Despite the fact that the role of clean rooms in the organization of food industry in Russia and the CIS countries is still not so high, domestic enterprises increasingly use these structures for making food products, introducing them into the structure of their production sites。

CLEANROOMS DESIGN AND ROLE IN FOOD INDUSTRY

In the production of food products, the main danger is microbiological pollution, which can be avoided in two ways:

  • Neutralization by chemical treatment, pasteurization, sterilization;
  • Creation of cleanrooms and thus protecting the finished product from contamination.

As a result, the product does not lose its properties, maintains useful properties and is absolutely safe for health.

Cleanroom technologies are, in fact, a modern, innovative way to ensure long-term storage of products without the use of harmful preservatives, antiseptics and other impurities. Being a progressive and safe method of conservation, this technology provides a sterile controlled environment that prevents contaminants from penetrating food at each of the production stages: from manufacturing to packaging.

CLEAN ROOM APPLICATION IN FOOD INDUSTRY

Ju ices and beverages  manufacture. Diluted in a capacity of 250 ml or 1 l and designed for one-time use, the juice in aseptic packaging.

Production of draft beer and wines. The control of the cleanliness of the surrounding bottling plant is a guarantee of the production of high-quality and stable products. In order to ensure optimum working conditions, special HEPA filters are used.
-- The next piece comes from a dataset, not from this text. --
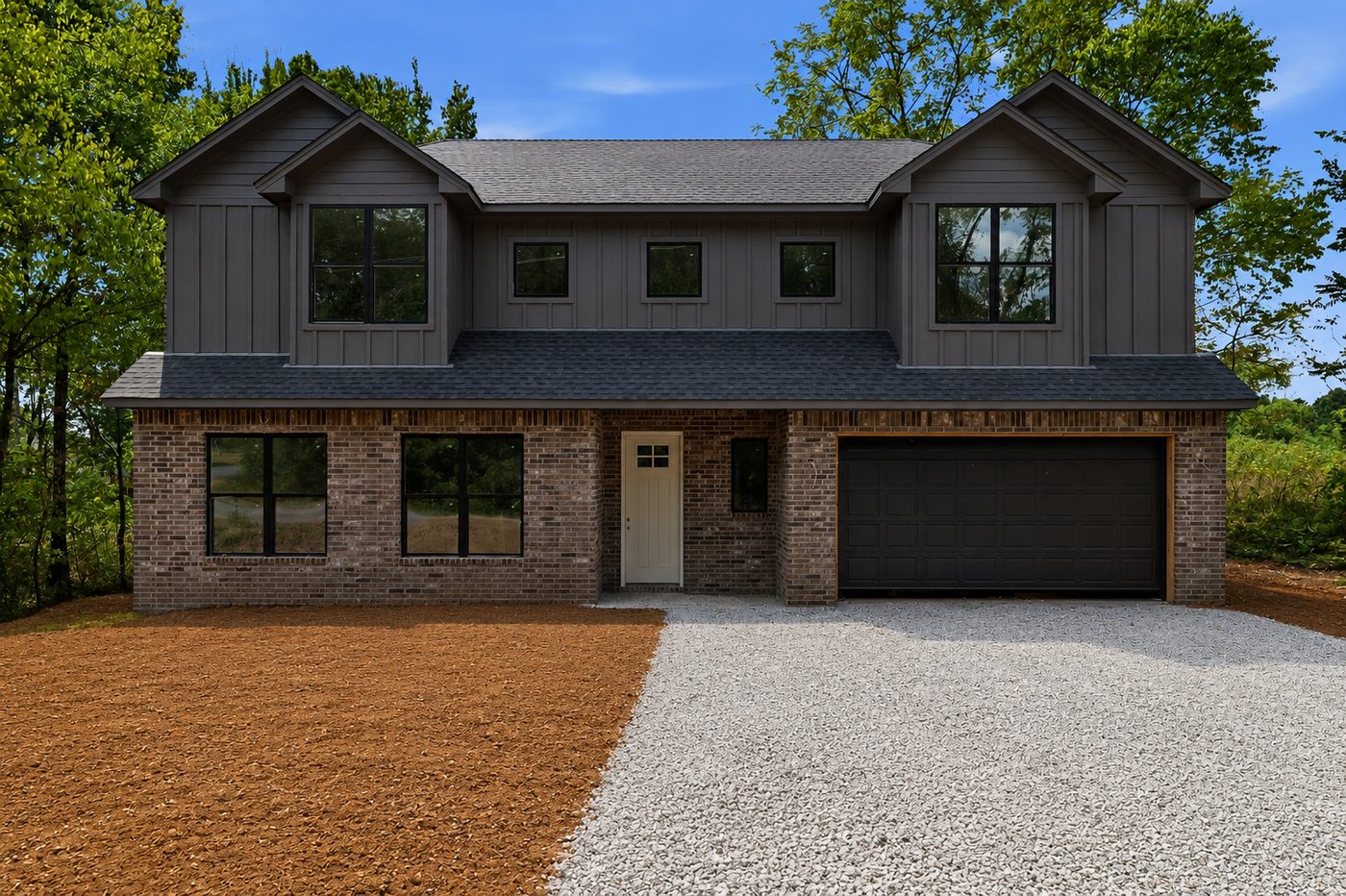 New build exterior before landscaping, bare dirt yard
Aseptic spill allows prolonging the shelf life of the product without use of preservatives,  carrying out heat treatment at a lower temperature, while maintaining the freshness of beer, its smell and its beneficial properties.

Production of bread and confectionery products. Premises with controlled environment allow creating an optimal microclimate for ensuring the correct flow of technological processes in bakery. They allow you to control not only content of microorganisms, but also temperature, humidity, pressure and other parameters. Manufacturing of cheeses, sour-milk products, sauces, etc.